I came to America from Bangladesh at the age of 17 with little money in my pocket and no idea what kind of world I was walking into. What I had, and have relied on in every decision I make ever since, was the ability I developed early in life. It was the ability to understand what I actually thought and act on it, even if no one else agreed with me.
There is a word that describes that ability. judgement. And that’s what I’m most worried about losing right now.
The reason I’m interested is because I use AI every day. I use it to build applications, develop frameworks, design visual assets, and research what’s going on at the cutting edge of areas I need to understand. I use this to stress test discussions before bringing them to my team or clients. I use it to consider how a message will arrive before sending it. In terms of raw results, I’m more productive today than my team of 10 was five years ago. And it’s not just about speed. My work has objectively gotten better.
At this point, I’m still one of the early adopters. But in the near future, this will become a reality for every job. Just as few people today can choose whether to use computers, email, or the Internet, few people will have a choice whether to use AI or not.
So this is not an article about whether to use AI or not. It’s about how you maintain your judgment.

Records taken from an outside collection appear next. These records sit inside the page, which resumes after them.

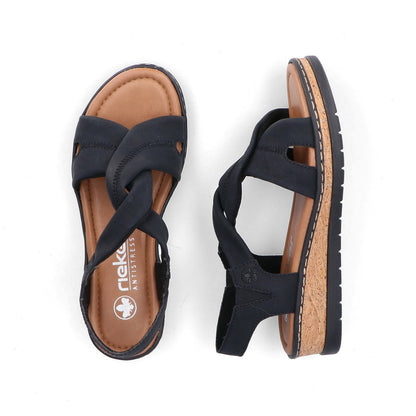 Rieker Lisa V4161-00 Black Sandal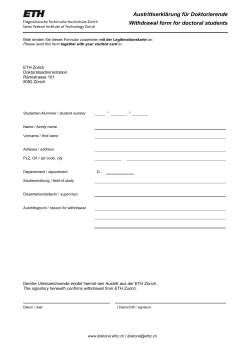 Austrittserklärung für Doktorierende Withdrawal form for doctoral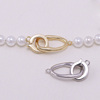 s925纯银时尚珍珠项链，手链毛衣链手工，diy制作串珠饰品双环银扣
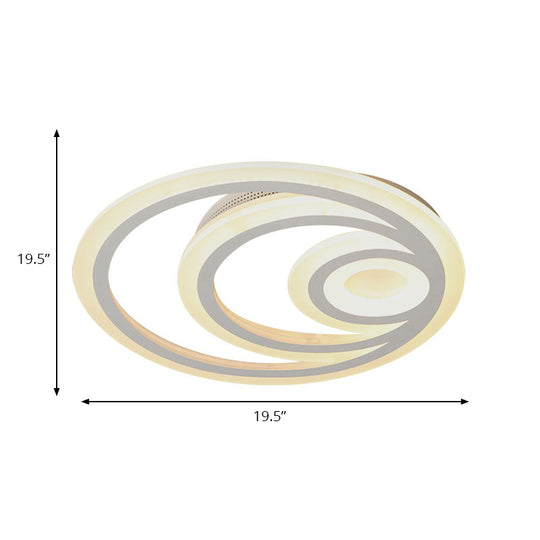 Modern White Round Flush Mount Ceiling Light For Kindergarten - Chic Acrylic Fixture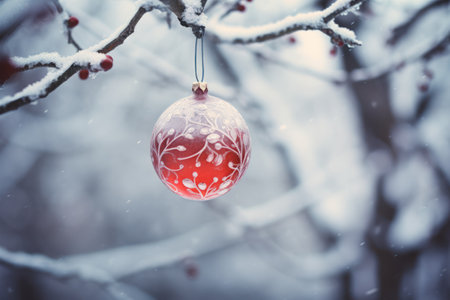 Red christmas ball hanging on a branch covered with snow in winterの素材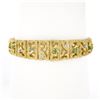Image 1 : 18k Gold 0.46 ctw Diamond Emerald Open Textured Graduated Strap Statement Bracel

Core skills for successful use of AI
AI is very powerful, but it’s also powerful in the so-called general sense. Generative AI models can be trained on all the insights of all the sciences, all the works of the greatest artists and the brightest business thinkers, but they generally cannot and cannot know what is important. your specific situation. The machine doesn’t know what trade-offs you’re willing to accept, what your experience tells you about how something will actually land, or what the right decision is given all the things it doesn’t know. That knowledge is yours, and you can use it to turn AI’s general capabilities into useful ones. you.
Without user judgment, the AI provides fluent but common output. It allows you to get something that no one else has. And the combined power of AI and your judgment can be far more effective than using either alone. However, this is only if users actively participate in the conversation and think alongside the tool rather than following it.
This means that leveraging AI successfully isn’t fundamentally about creating better prompts or knowing which model to use. Rather, it’s important to stay actively engaged with what comes back. It’s that simple.
The principle may be simple. In practice it is not so simple. It becomes so easy for AI models to respond to requests and create outputs, resulting in a phenomenon known as cognitive offloading. Reducing our mental load is precisely the appeal and promise of AI. Delegating some tasks allows us to think more deeply and effectively about other things. But the risk is that we outsource the wrong things, that is, we outsource higher-level judgments about what’s important: the ultimate meaning of a piece of work or creative design. We will then stop using AI to support our thinking and instead rely on machines to do it for us.
How to effectively utilize AI
These are not rules to avoid using AI. These are exercises to get the most out of by making sure you’re always in the driver’s seat.
- Brainstorm your ideas before creating your prompt. You can’t effectively delegate to an AI model if you don’t have full control over the task. Start with a topic you’re interested in and ask the machine what it thinks about it, and you’ll start by following the machine. Instead, come with a development you want to protect. That doesn’t mean we shouldn’t have AI challenge our views or help us strengthen them. However, before you type the first word, you need to understand your strategic intent. That’s what makes you the designer of the output, rather than the agent of the AI.
- Define the destination before delegating execution. Don’t give your AI model a blank canvas. Give them a defined problem with a sketch of the destination and use it to fill in the details. That way, the architecture (requirements, dimensions, logic) remains yours. If you can’t explain what you’re looking for before asking a question, you’re not ready to use the tool. The result is an output that looks finished, but isn’t actually yours.
- Find research using AI. Interpret it for yourself. AI is very good at surfacing research, mapping fields, and presenting evidence that confirms or challenges views. Use it for all of that. But don’t accept the summary of the results it digs average. Your interpretation, where the evidence leads, what supports it, and where it falls short, must be your own.
- Be careful when reaching for AI to avoid unpleasantness. Sometimes we prompt AI because we want it to take some of the processing load off a task. Other times, we reach for unpleasant things just because we can easily avoid them. Discipline is identifying the type of difficulty that creates friction, leaning into it, and tracking where it leads. This is true whether you’re developing a business strategy, working on an article, or building a product.
human edge
The practices described above are not rules that limit how or whether AI may be used. These are the tools I use to allow me to stay in the driver’s seat rather than being a passenger being driven around by very powerful machines.
So a core skill in the AI era is the willingness to drive yourself. To be a designer or orchestrator of a process, rather than a ship tossed about by storms in a sea of mechanical reasoning. It means knowing where you are going before you set out and never letting go of your vision.
The most powerful technology ever built cannot save someone who has stopped thinking for themselves. The discipline needed in the AI era has two parts. It’s about learning how to use the system effectively while refusing to let it take advantage of you.